WHAT TO DO — Lines from the entries below that hold "Brown" form the answer; copy all of them.

MATERIAL PROVIDED —
****************

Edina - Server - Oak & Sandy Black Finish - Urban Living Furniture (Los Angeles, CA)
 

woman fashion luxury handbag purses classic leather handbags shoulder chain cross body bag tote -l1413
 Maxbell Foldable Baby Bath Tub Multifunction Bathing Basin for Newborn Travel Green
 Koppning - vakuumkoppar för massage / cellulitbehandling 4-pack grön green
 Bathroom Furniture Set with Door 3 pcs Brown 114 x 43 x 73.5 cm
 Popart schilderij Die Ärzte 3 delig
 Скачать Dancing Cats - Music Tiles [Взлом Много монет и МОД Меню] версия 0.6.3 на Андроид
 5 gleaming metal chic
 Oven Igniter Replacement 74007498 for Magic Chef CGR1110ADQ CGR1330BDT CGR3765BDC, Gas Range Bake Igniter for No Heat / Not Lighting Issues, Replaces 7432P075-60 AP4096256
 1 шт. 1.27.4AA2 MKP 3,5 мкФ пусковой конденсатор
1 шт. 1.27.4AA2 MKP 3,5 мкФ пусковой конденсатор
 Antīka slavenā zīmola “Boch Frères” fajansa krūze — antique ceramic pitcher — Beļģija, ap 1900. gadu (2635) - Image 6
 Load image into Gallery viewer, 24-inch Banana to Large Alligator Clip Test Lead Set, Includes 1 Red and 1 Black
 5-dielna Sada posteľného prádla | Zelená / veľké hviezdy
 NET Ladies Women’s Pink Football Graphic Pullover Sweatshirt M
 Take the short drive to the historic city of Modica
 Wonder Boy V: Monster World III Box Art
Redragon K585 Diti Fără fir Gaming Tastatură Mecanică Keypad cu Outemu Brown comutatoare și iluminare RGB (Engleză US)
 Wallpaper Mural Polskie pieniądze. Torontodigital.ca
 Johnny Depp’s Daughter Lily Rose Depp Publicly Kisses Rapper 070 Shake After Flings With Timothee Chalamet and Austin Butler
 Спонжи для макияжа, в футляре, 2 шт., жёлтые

****************

RESULT —
 Bathroom Furniture Set with Door 3 pcs Brown 114 x 43 x 73.5 cm
Redragon K585 Diti Fără fir Gaming Tastatură Mecanică Keypad cu Outemu Brown comutatoare și iluminare RGB (Engleză US)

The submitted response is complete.